[TASK DIRECTIONS] Nothing in the records may be dropped or altered when you repeat them.

[INPUT DATA]

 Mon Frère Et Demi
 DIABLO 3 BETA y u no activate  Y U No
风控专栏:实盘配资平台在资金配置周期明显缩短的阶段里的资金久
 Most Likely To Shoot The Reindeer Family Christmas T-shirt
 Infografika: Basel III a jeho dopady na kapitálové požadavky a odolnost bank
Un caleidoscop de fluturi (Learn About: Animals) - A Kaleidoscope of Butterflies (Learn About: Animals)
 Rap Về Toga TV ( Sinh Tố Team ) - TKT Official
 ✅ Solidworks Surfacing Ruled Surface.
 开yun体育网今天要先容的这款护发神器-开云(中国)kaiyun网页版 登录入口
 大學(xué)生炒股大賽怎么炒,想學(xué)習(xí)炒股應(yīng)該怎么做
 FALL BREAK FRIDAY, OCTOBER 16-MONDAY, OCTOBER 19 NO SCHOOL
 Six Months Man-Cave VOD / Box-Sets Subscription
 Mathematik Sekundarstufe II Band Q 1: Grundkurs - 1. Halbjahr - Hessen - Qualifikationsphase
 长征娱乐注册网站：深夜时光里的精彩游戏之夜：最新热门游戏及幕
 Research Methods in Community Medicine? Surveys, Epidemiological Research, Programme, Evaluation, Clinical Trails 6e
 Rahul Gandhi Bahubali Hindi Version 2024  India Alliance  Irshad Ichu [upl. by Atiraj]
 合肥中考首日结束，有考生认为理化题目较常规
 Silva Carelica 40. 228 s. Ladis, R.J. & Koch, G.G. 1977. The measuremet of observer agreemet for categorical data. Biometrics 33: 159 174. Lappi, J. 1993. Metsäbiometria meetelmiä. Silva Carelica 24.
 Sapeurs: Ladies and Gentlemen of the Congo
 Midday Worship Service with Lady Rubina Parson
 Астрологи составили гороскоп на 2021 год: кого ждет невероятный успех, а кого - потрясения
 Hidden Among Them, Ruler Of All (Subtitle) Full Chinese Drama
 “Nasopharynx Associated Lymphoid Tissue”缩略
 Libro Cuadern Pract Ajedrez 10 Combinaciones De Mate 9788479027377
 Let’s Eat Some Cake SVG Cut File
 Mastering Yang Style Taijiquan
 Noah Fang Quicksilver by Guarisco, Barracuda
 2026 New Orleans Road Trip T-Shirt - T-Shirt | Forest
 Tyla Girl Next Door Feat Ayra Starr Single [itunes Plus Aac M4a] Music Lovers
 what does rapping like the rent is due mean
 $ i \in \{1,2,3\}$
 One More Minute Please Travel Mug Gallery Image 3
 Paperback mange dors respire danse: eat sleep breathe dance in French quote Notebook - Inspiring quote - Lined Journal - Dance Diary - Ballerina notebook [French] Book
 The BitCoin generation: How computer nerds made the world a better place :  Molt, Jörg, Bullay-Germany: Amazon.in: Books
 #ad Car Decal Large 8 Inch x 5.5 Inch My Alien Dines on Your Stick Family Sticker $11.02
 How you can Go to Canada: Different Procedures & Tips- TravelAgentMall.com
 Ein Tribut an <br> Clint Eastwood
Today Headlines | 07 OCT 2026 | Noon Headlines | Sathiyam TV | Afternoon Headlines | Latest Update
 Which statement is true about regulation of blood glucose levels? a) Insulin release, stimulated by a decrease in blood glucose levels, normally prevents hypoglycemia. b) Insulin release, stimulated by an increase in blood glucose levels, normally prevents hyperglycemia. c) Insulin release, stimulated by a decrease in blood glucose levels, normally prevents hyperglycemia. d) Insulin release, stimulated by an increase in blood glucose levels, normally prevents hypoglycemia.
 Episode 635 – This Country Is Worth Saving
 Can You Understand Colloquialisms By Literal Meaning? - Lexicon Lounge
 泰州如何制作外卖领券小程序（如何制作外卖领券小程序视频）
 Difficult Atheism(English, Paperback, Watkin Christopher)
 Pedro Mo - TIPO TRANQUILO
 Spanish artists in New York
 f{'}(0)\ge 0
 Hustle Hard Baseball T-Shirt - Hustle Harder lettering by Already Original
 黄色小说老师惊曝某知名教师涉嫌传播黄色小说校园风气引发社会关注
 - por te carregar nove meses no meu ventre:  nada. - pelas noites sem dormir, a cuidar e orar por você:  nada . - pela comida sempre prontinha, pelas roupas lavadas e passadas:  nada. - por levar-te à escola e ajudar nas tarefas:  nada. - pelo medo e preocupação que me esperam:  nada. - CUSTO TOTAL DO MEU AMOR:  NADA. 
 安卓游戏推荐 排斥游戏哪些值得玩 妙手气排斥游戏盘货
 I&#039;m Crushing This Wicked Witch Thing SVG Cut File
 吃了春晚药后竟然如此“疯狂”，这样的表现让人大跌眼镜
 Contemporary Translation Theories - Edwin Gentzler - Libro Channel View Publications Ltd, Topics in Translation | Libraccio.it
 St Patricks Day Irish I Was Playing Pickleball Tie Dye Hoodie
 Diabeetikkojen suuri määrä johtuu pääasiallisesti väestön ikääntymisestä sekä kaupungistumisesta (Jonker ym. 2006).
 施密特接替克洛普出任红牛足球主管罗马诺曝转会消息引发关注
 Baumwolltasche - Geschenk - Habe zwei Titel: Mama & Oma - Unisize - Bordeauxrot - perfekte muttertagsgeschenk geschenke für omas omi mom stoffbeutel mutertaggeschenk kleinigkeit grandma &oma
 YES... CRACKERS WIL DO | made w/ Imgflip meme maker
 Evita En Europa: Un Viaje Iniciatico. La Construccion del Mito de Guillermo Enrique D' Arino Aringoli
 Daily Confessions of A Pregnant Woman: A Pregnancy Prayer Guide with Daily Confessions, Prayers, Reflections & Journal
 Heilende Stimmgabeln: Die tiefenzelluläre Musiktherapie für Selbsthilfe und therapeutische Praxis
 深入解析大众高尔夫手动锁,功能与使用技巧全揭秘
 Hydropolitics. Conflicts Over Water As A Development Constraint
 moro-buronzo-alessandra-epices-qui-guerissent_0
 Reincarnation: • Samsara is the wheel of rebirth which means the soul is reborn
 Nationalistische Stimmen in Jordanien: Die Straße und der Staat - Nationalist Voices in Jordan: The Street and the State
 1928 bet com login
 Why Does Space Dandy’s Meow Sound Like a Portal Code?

[RESULT FOR THIS TASK]
 Mon Frère Et Demi
 DIABLO 3 BETA y u no activate  Y U No
风控专栏:实盘配资平台在资金配置周期明显缩短的阶段里的资金久
 Most Likely To Shoot The Reindeer Family Christmas T-shirt
 Infografika: Basel III a jeho dopady na kapitálové požadavky a odolnost bank
Un caleidoscop de fluturi (Learn About: Animals) - A Kaleidoscope of Butterflies (Learn About: Animals)
 Rap Về Toga TV ( Sinh Tố Team ) - TKT Official
 ✅ Solidworks Surfacing Ruled Surface.
 开yun体育网今天要先容的这款护发神器-开云(中国)kaiyun网页版 登录入口
 大學(xué)生炒股大賽怎么炒,想學(xué)習(xí)炒股應(yīng)該怎么做
 FALL BREAK FRIDAY, OCTOBER 16-MONDAY, OCTOBER 19 NO SCHOOL
 Six Months Man-Cave VOD / Box-Sets Subscription
 Mathematik Sekundarstufe II Band Q 1: Grundkurs - 1. Halbjahr - Hessen - Qualifikationsphase
 长征娱乐注册网站：深夜时光里的精彩游戏之夜：最新热门游戏及幕
 Research Methods in Community Medicine? Surveys, Epidemiological Research, Programme, Evaluation, Clinical Trails 6e
 Rahul Gandhi Bahubali Hindi Version 2024  India Alliance  Irshad Ichu [upl. by Atiraj]
 合肥中考首日结束，有考生认为理化题目较常规
 Silva Carelica 40. 228 s. Ladis, R.J. & Koch, G.G. 1977. The measuremet of observer agreemet for categorical data. Biometrics 33: 159 174. Lappi, J. 1993. Metsäbiometria meetelmiä. Silva Carelica 24.
 Sapeurs: Ladies and Gentlemen of the Congo
 Midday Worship Service with Lady Rubina Parson
 Астрологи составили гороскоп на 2021 год: кого ждет невероятный успех, а кого - потрясения
 Hidden Among Them, Ruler Of All (Subtitle) Full Chinese Drama
 “Nasopharynx Associated Lymphoid Tissue”缩略
 Libro Cuadern Pract Ajedrez 10 Combinaciones De Mate 9788479027377
 Let’s Eat Some Cake SVG Cut File
 Mastering Yang Style Taijiquan
 Noah Fang Quicksilver by Guarisco, Barracuda
 2026 New Orleans Road Trip T-Shirt - T-Shirt | Forest
 Tyla Girl Next Door Feat Ayra Starr Single [itunes Plus Aac M4a] Music Lovers
 what does rapping like the rent is due mean
 $ i \in \{1,2,3\}$
 One More Minute Please Travel Mug Gallery Image 3
 Paperback mange dors respire danse: eat sleep breathe dance in French quote Notebook - Inspiring quote - Lined Journal - Dance Diary - Ballerina notebook [French] Book
 The BitCoin generation: How computer nerds made the world a better place :  Molt, Jörg, Bullay-Germany: Amazon.in: Books
 #ad Car Decal Large 8 Inch x 5.5 Inch My Alien Dines on Your Stick Family Sticker $11.02
 How you can Go to Canada: Different Procedures & Tips- TravelAgentMall.com
 Ein Tribut an <br> Clint Eastwood
Today Headlines | 07 OCT 2026 | Noon Headlines | Sathiyam TV | Afternoon Headlines | Latest Update
 Which statement is true about regulation of blood glucose levels? a) Insulin release, stimulated by a decrease in blood glucose levels, normally prevents hypoglycemia. b) Insulin release, stimulated by an increase in blood glucose levels, normally prevents hyperglycemia. c) Insulin release, stimulated by a decrease in blood glucose levels, normally prevents hyperglycemia. d) Insulin release, stimulated by an increase in blood glucose levels, normally prevents hypoglycemia.
 Episode 635 – This Country Is Worth Saving
 Can You Understand Colloquialisms By Literal Meaning? - Lexicon Lounge
 泰州如何制作外卖领券小程序（如何制作外卖领券小程序视频）
 Difficult Atheism(English, Paperback, Watkin Christopher)
 Pedro Mo - TIPO TRANQUILO
 Spanish artists in New York
 f{'}(0)\ge 0
 Hustle Hard Baseball T-Shirt - Hustle Harder lettering by Already Original
 黄色小说老师惊曝某知名教师涉嫌传播黄色小说校园风气引发社会关注
 - por te carregar nove meses no meu ventre:  nada. - pelas noites sem dormir, a cuidar e orar por você:  nada . - pela comida sempre prontinha, pelas roupas lavadas e passadas:  nada. - por levar-te à escola e ajudar nas tarefas:  nada. - pelo medo e preocupação que me esperam:  nada. - CUSTO TOTAL DO MEU AMOR:  NADA. 
 安卓游戏推荐 排斥游戏哪些值得玩 妙手气排斥游戏盘货
 I&#039;m Crushing This Wicked Witch Thing SVG Cut File
 吃了春晚药后竟然如此“疯狂”，这样的表现让人大跌眼镜
 Contemporary Translation Theories - Edwin Gentzler - Libro Channel View Publications Ltd, Topics in Translation | Libraccio.it
 St Patricks Day Irish I Was Playing Pickleball Tie Dye Hoodie
 Diabeetikkojen suuri määrä johtuu pääasiallisesti väestön ikääntymisestä sekä kaupungistumisesta (Jonker ym. 2006).
 施密特接替克洛普出任红牛足球主管罗马诺曝转会消息引发关注
 Baumwolltasche - Geschenk - Habe zwei Titel: Mama & Oma - Unisize - Bordeauxrot - perfekte muttertagsgeschenk geschenke für omas omi mom stoffbeutel mutertaggeschenk kleinigkeit grandma &oma
 YES... CRACKERS WIL DO | made w/ Imgflip meme maker
 Evita En Europa: Un Viaje Iniciatico. La Construccion del Mito de Guillermo Enrique D' Arino Aringoli
 Daily Confessions of A Pregnant Woman: A Pregnancy Prayer Guide with Daily Confessions, Prayers, Reflections & Journal
 Heilende Stimmgabeln: Die tiefenzelluläre Musiktherapie für Selbsthilfe und therapeutische Praxis
 深入解析大众高尔夫手动锁,功能与使用技巧全揭秘
 Hydropolitics. Conflicts Over Water As A Development Constraint
 moro-buronzo-alessandra-epices-qui-guerissent_0
 Reincarnation: • Samsara is the wheel of rebirth which means the soul is reborn
 Nationalistische Stimmen in Jordanien: Die Straße und der Staat - Nationalist Voices in Jordan: The Street and the State
 1928 bet com login
 Why Does Space Dandy’s Meow Sound Like a Portal Code?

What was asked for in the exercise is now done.